[SOLVED] Simple question in L.P

[omerysmi]

In this LPF the input is step signal, I need to find an experssion of Vo(0+) and of Vo(∞).


My answer is:
Vo(0+) = (E*R2)/(R1+R2)
Vo(∞) = E

Am I right?

 

[andre_luis]

Sure, seems correct.

 

[omerysmi]

Sure, seems correct.

So in fact the transient is not blocked in this circuit? (Unlike standart L.P.H circuit of capatiance in series to resistor that the transient is blocked)

As we can see in the drawing there is a transient of E*R2/R1+R2

 

[D.A.(Tony)Stewart]

The transient (rapid step) is only suppressed by the resistor ratio.

In particular with an RC filter where the Cap has ESR or Rs like R2, this result applies.

 

[omerysmi]

The transient (rapid step) is only suppressed by the resistor ratio.

In particular with an RC filter where the Cap has ESR or Rs like R2, this result applies.

The drawing of this circuit is right?

 

[Venkadesh_M]

Yeah the step response is correct. Why don you try a expression.

 

[D.A.(Tony)Stewart]

Correct.

Now Imagine a steady DC source with Cap with ESR, with PWM load.

The pulsed ripple is the same R ratio except using source and load.

They dont stress the significance of this in education enough.

The ESR or series R or differential series resistance in a semiconductor or any nonlinear part or winding resistance in a choke are all examples that cause non ideal step transient in pulsed loads or sources.

Another way to apply this is to specify load regulation of a source which may have a large Cap on output.

the net effect of a step load is same as a step source, the error is the Rload/(Rload+Rsource) and this is called Load regulation Error.

Where Rsource is usually the total ESR of the semiconductors that drive the output for dc and ESR of the capacitors for pulsed load ripple estimates.

So source to load ratio is important for a voltage source as the voltage source is never ideal=0 Ohms.

 

[omerysmi]

Yeah the step response is correct.
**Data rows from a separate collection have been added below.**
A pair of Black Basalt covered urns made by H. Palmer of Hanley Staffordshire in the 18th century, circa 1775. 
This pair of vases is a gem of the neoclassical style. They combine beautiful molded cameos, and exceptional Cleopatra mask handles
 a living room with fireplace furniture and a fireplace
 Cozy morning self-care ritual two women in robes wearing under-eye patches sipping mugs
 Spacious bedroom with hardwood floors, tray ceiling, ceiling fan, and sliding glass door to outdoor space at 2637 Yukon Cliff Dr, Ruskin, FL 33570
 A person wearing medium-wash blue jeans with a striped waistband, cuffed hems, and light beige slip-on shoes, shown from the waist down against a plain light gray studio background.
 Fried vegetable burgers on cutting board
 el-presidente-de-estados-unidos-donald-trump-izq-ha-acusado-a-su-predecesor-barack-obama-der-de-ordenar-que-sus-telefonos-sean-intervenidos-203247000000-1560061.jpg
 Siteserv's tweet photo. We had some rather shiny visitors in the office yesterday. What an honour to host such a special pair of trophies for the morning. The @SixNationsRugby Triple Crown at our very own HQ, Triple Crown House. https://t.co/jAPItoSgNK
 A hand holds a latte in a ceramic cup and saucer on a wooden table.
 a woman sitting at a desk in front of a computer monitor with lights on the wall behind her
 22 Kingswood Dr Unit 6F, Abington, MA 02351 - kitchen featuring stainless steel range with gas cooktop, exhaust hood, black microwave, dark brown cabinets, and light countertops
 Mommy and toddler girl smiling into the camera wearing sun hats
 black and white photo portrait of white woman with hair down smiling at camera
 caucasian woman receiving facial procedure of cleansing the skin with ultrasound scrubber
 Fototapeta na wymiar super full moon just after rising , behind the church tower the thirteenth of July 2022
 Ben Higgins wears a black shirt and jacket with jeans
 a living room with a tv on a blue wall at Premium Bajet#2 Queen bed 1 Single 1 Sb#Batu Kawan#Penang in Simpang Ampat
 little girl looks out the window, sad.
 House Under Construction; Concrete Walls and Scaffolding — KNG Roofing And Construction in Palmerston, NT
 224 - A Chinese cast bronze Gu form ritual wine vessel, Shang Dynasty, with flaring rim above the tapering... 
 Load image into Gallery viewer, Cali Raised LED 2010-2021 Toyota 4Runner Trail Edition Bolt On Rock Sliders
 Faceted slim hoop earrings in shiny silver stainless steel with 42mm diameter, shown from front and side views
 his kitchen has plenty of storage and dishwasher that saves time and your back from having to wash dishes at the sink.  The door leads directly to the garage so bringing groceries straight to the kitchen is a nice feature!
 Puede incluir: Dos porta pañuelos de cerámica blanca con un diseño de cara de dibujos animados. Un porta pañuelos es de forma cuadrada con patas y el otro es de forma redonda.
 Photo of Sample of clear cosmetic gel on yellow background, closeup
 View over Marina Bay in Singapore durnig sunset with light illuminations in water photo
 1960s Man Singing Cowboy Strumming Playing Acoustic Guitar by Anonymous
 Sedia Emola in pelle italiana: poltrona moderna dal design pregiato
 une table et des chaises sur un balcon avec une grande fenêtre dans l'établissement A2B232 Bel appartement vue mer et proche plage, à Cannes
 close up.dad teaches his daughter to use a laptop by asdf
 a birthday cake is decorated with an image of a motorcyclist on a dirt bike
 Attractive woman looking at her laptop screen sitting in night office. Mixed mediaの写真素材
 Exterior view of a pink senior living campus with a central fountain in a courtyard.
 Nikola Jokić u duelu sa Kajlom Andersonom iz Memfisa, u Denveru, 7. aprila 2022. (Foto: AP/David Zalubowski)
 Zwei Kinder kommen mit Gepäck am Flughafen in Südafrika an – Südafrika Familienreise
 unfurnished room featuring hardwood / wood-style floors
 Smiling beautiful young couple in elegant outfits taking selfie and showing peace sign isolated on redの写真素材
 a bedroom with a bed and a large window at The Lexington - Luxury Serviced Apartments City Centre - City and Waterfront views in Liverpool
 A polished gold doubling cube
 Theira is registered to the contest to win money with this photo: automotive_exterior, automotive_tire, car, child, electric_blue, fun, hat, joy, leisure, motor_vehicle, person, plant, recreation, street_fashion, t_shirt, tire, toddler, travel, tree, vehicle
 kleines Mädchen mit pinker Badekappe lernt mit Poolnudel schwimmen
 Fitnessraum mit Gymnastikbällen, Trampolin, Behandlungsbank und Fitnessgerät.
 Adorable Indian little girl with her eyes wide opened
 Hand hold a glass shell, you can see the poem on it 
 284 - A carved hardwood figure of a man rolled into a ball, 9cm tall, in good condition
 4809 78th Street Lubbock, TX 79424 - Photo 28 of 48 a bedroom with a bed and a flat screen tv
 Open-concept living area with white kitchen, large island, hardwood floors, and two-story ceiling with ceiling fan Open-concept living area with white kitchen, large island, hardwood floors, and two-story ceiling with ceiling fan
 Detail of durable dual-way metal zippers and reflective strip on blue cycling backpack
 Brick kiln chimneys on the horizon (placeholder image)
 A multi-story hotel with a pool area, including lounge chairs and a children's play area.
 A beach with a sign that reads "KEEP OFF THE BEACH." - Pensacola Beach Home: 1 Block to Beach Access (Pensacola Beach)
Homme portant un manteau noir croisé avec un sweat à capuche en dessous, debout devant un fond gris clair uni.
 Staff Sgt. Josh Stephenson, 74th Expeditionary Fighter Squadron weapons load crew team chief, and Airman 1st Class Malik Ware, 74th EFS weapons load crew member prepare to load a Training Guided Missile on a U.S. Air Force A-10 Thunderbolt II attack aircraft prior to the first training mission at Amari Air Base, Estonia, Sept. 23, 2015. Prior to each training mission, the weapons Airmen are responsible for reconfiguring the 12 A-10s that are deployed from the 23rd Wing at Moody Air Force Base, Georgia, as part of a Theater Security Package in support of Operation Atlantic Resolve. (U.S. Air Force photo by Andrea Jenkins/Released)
Why don you try a expression.

The total resistance in this circuit is R1 + R2 right?

 

[Venkadesh_M]

Yes, but why do you need it. The graph in #5 is completely definable after 0, try to write a expression so that you will get a more deeper understanding.

 

[omerysmi]

Yes, but why do you need it. The graph in #5 is completely definable after 0, try to write a expression so that you will get a more deeper understanding.

The expression is
Vo(0+) = (E*R2)/(R1+R2)
Vo(∞) = E

 

[andre_luis]

The total resistance in this circuit is R1 + R2 right?

You must be aware that the term "real" also has a specific meaning on math.

Although in fact R1+R2 represents the real component of the overall impedance ( composed by a sum of a Real plus an Imaginary part ), for a transient analysis it is useless a separation or them. Anyway, as you pointed before, at the initial condition ( t=0+ ) is true.

 

[Venkadesh_M]

The expression is
Vo(0+) = (E*R2)/(R1+R2)
Vo(∞) = E

Hi,

I don want you to write this equation, that you did in #1, but V(t) a single expression then you can substitute all 0+ values and get the output voltage.

V(t) = ? for ( t = 0+ )

 

[omerysmi]

You must be aware that the term "real" also has a specific meaning on math.

Although in fact R1+R2 represents the real component of the overall impedance ( composed by a sum of a Real plus an Imaginary part ), for a transient analysis it is useless a separation or them. Anyway, as you pointed before, at the initial condition ( t=0+ ) is true.

Look, I have to find the time constant (τ) so i need to find the equivalent resistance in the circuit (Req*C)
so Req is in fact R1+R2

 

[Venkadesh_M]

what is next? i mean final expression. i would like to see the whole expression.